Serving just 125,000 people, the U.K.'s Halton Borough Council (HBC) might seem an unlikely sponsor for a $900-million privately financed highway bridge. But construction is underway, with barge-mounted rigs installing cofferdams in the mudflats of the River Mersey for the cable-stayed Mersey Gateway crossing.
To get here, the authority, 20 kilometers upstream of Liverpool, overcame government reluctance and the banking crisis. It deployed innovative financing tools and a novel tolling strategy to reduce revenue risk to itself and the public- private partnership contractor.
After eight years and risking millions of dollars from its small budget, HBC last March signed a design-build-finance-operate contract with the Merseylink Joint Venture (MJV), which comprises Australia's Macquarie Capital Group Ltd., Germany's Bilfinger Project Investments Europe Ltd. and Spain's FCC Construction S.A.
Merseylink signed a design-build contract for the bridge and approach roads to a JV of locally based Kier Infrastructure and Overseas Ltd., South Korea's Samsung C&T Corp. and FCC. Paris-based SANEF S.A. is MJV's tolling sub.
When completed in late 2017, the six-lane concrete structure will cross the 1-km-wide river between Widnes and Runcorn on four cable-stayed spans. It will supplement the overused, 54-year-old Silver Jubilee steel-arch bridge. Merseylink will operate and maintain it for 26.5 years, earning annual fees based on key traffic speeds and with no revenue risk. After construction, SANEF will operate the free-flow tolling system for HBC.
Initial, mid-1990s lobbying for the project largely "fell on deaf ears," says Rob Polhill, HBC's political leader. "But we wouldn't take no for an answer."
One reason for the tepid official response might be that small sponsors are "always perceived to be challenged by taking on a project of this scale. The potential abortive costs were very high," says Steve Nicholson, HBC's project director as of 2005. With a team of up to 20 staff, HBC employed the design firm Ramboll U.K. Ltd. and legal and financial advisers DLA Piper and KPMG.
From the start, "we wanted to provide the contractor with room for innovation," says Nicholson. Exposed to huge daily interest charges on its project debt, the contractor needed time certainty, he adds.

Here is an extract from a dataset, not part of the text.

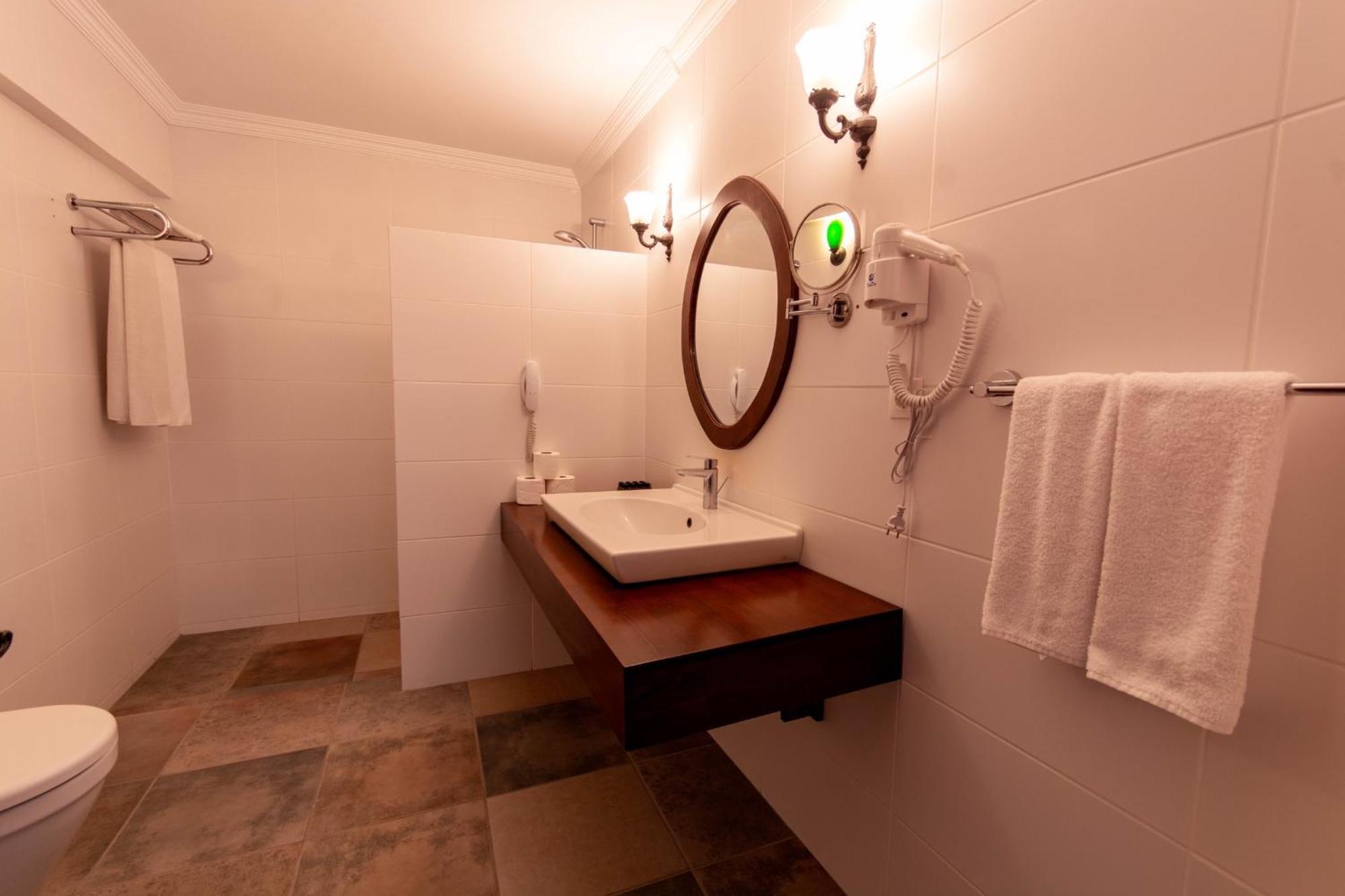 Maris Butik Hotel Турунч Екстериор снимка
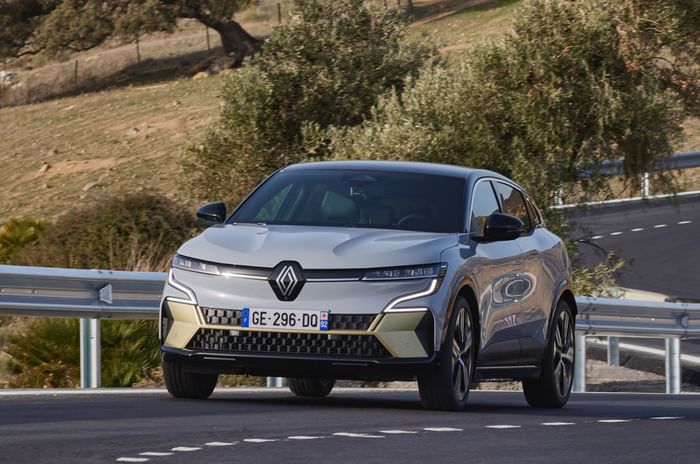Renault Megane E-Tech Electric review, test drive Renault Megane E-Tech Electric front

But Nicholson found the process for securing planning approvals too prescriptive. In 2010, "we came out with an approval centered on outline designs … we weren't very comfortable," he says.

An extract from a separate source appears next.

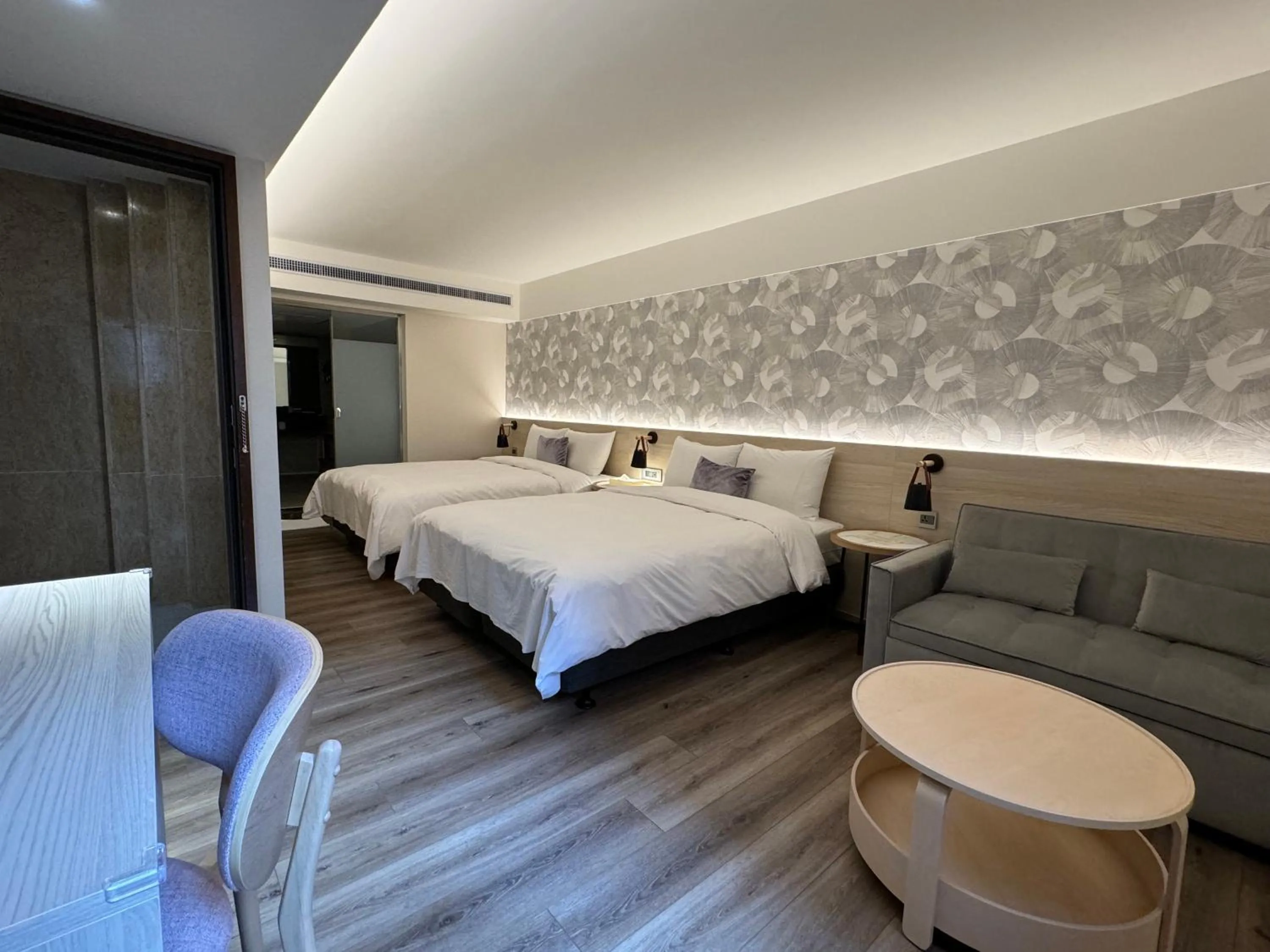 Photo of the whole room, Bed in Delight Hotel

When a change of government in 2010 led to a temporary moratorium on major projects, Nicholson grabbed the chance to ease constraints attached to the planning approvals. As a result, "bidders could develop their solution that gave them maximum confidence," he says.
HBC launched the procurement in late 2011. The next spring, it invited three of six vying teams to take part in a "competitive dialogue" form of negotiations. Bidders developed proposals based on HBC's detailed objectives and constraints, maximum annual payments and illustrative designs for a steel structure. Regular meetings between bidders and HBC "stress-tested" the developing proposals, says Nicholson.

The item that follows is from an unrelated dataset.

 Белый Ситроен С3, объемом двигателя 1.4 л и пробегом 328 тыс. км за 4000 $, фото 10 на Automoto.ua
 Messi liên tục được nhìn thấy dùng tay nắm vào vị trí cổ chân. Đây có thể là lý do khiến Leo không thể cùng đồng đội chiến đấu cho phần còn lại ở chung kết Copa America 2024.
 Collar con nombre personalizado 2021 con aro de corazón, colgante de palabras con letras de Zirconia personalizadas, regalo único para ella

"At the end of that process, there was mutual confidence that what we had was deliverable," he says. One bidder retained a steelwork design; the others opted for concrete designs.
In December 2012, HBC called for draft bids to avoid having to rule anyone out for technicalities. Final offers arrived four months later. Merseylink emerged as the preferred bidder in June 2013, with a price significantly lower than the next bid.